Physical and Electrical Characterization of RRAM Array
The physical and electrical evaluation of the RRAM array revealed several significant findings. The RRAM system, as depicted in Fig.~2, consists of 512×32×2 RRAM arrays. The cross-sectional TEM and EDS mappings confirm the successful fabrication of the 1T1R cells with their expected material composition and structural design (Fig.~2c, d).
Figure 2: Physical and Electrical Characterization of the RRAM array, showcasing the system board, reconfigurable logic chip, and material analyses.
The electrical performance, analyzed through I-V characteristics, demonstrated robust bipolar resistive switching and substantial multi-level programming capabilities up to 128 distinct resistance states (Fig.~2e, f). These characteristics were verified under retention and endurance testing conditions, illustrated in Fig.~2g, h, affirming the reliability and stability required for edge AI applications. Furthermore, array-level programming accuracy and resistance tuning distributions showcased the promise of leveraging RRAM technology for in-situ learning without significant resource overhead.
The authors have detailed a comprehensive analysis of their proposed chip architecture, as evidenced in Fig.~3a. The system incorporates a Top CIM Controller, driver circuits, and two 512x32 RRAM arrays supporting flexible bitwise operations. This architecture enables dynamic weight and topology co-optimization, crucial for increasing processing efficiency.
Figure 3: Detailed block diagram of the RRAM-based reconfigurable logic chip and comparisons against existing technologies in terms of power and area efficiency.
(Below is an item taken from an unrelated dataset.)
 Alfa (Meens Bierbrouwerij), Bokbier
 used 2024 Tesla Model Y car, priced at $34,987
The design demonstrates significant improvements over analog implementations, evidenced by a 72.30% reduction in silicon area and a 57.26% improvement in overall energy consumption. The integrated system achieves a 45.09× energy efficiency improvement compared to digital SRAM CIM and maintains a 100% bit accuracy, surpassing the analog alternative's higher error rates (Fig.~3g, h, i).
Dynamic Pruning Methodologies for CNNs and PointNet++
The paper further explores dynamic pruning strategies, applying them to convolutional neural networks for the MNIST dataset (discussed in Fig.~4) and PointNet++ for ModelNet10 classification (explored in Fig.~5).
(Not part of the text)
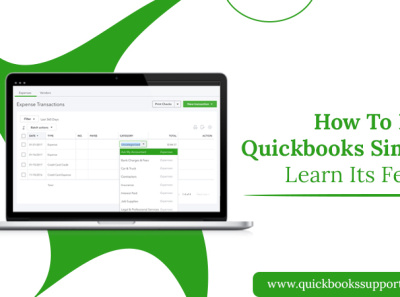 How To Run Quickbooks Simple Start?| Learn Its Features by james Daniel ...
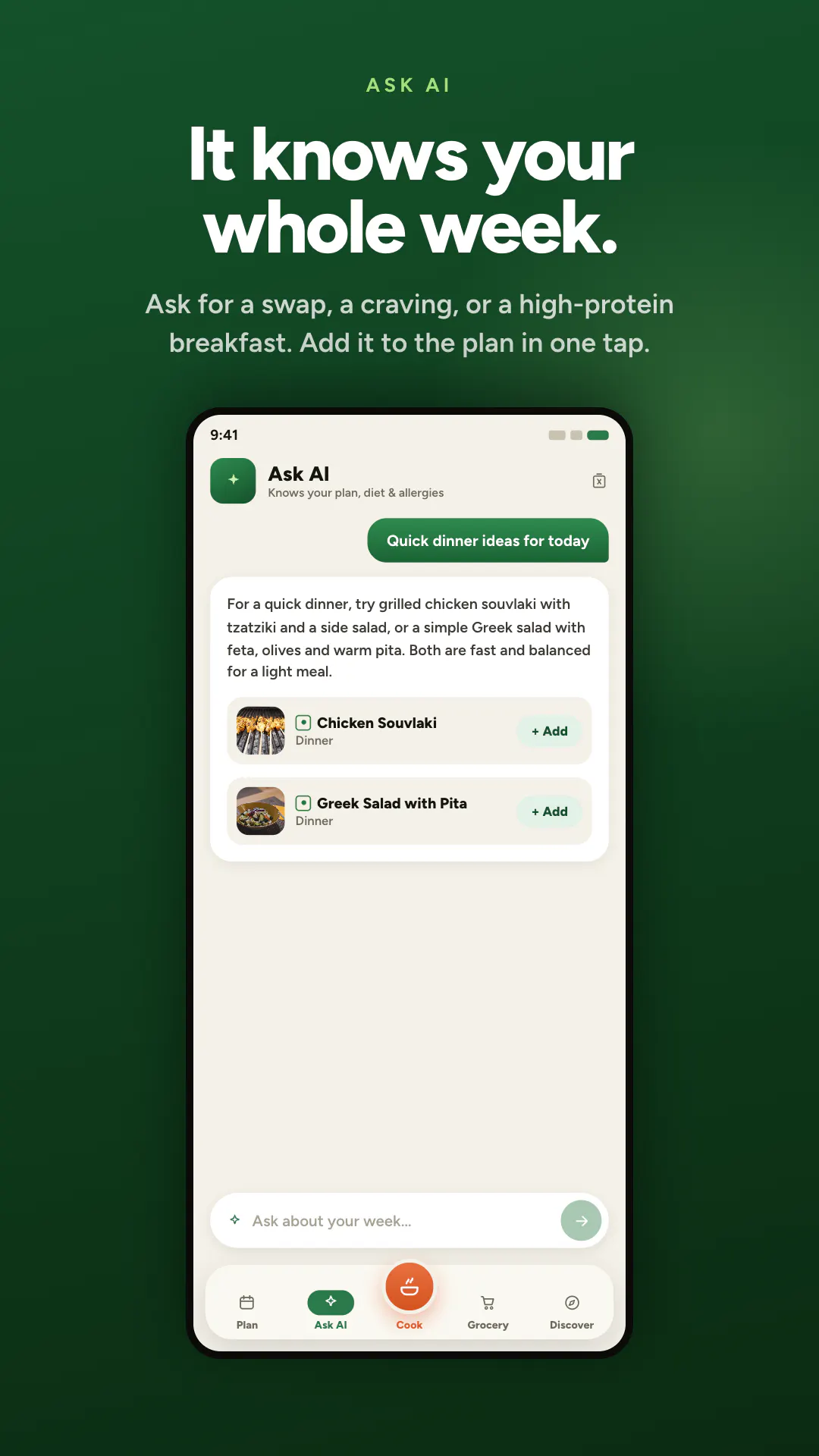 AI Meal Planner gallery image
Figure 4: Dynamic CNN kernel pruning for MNIST classification, illustrating network optimization and feature space separability post-training.
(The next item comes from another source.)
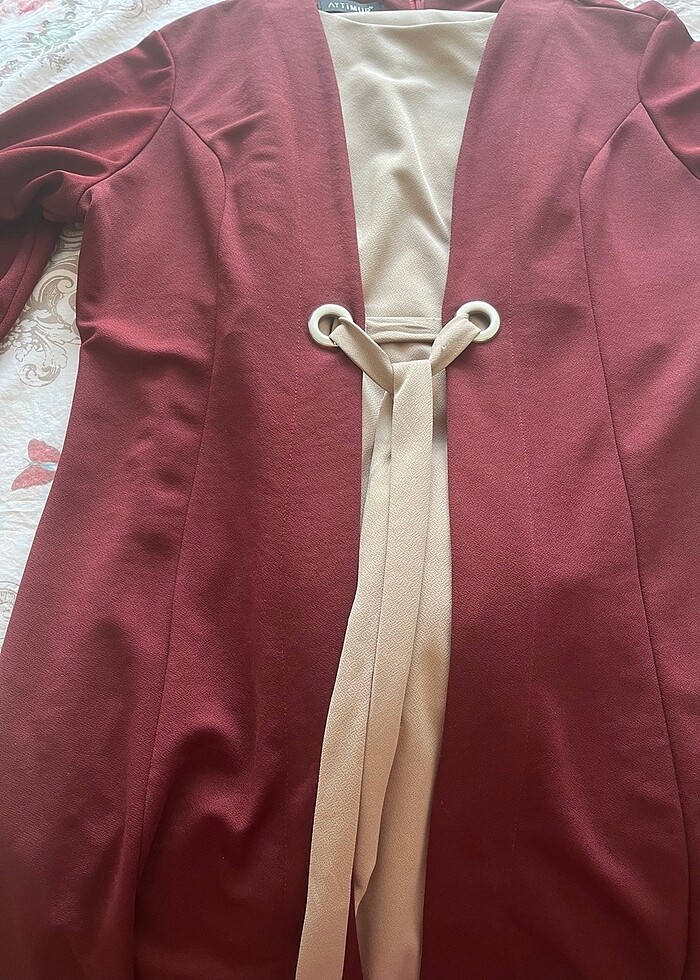 Tesettür pantolon takım - Görsel 4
For CNNs, dynamic kernel pruning processes progressively reduce active kernels and total weights during training without sacrificing accuracy. The results show stable classification accuracy even with substantial pruning, indicating effective redundancy reduction and network optimization.
In the PointNet++ architecture, filter pruning is executed efficiently through RRAM-based CIM operations. The system demonstrates robust feature separation capabilities while achieving a remarkable energy consumption reduction of 86.53% compared to high-end GPU systems (Fig.~5i).
Figure 5: Dynamic convolution filter pruning on PointNet++ for ModelNet10 classification, highlighting pruning impacts on feature distribution and energy efficiency.
Conclusion
The research provides a compelling argument for bridging the computational efficiency gap between brain-inspired models and conventional AI systems. The integration of a real-time weight pruning algorithm with a digital RRAM-based CIM architecture demonstrates promising results in reducing computational and energy overhead without sacrificing inference accuracy. Future work might include scaling this brain-inspired CIM approach to accommodate larger and more intricate architectures, building toward more powerful and efficient edge AI systems. The explorations in logic extension could further enhance the chip's versatility, facilitating broader application domains and more complex AI tasks. This research serves as a precursor for advancing edge AI that mimics the efficiency of biological intelligence.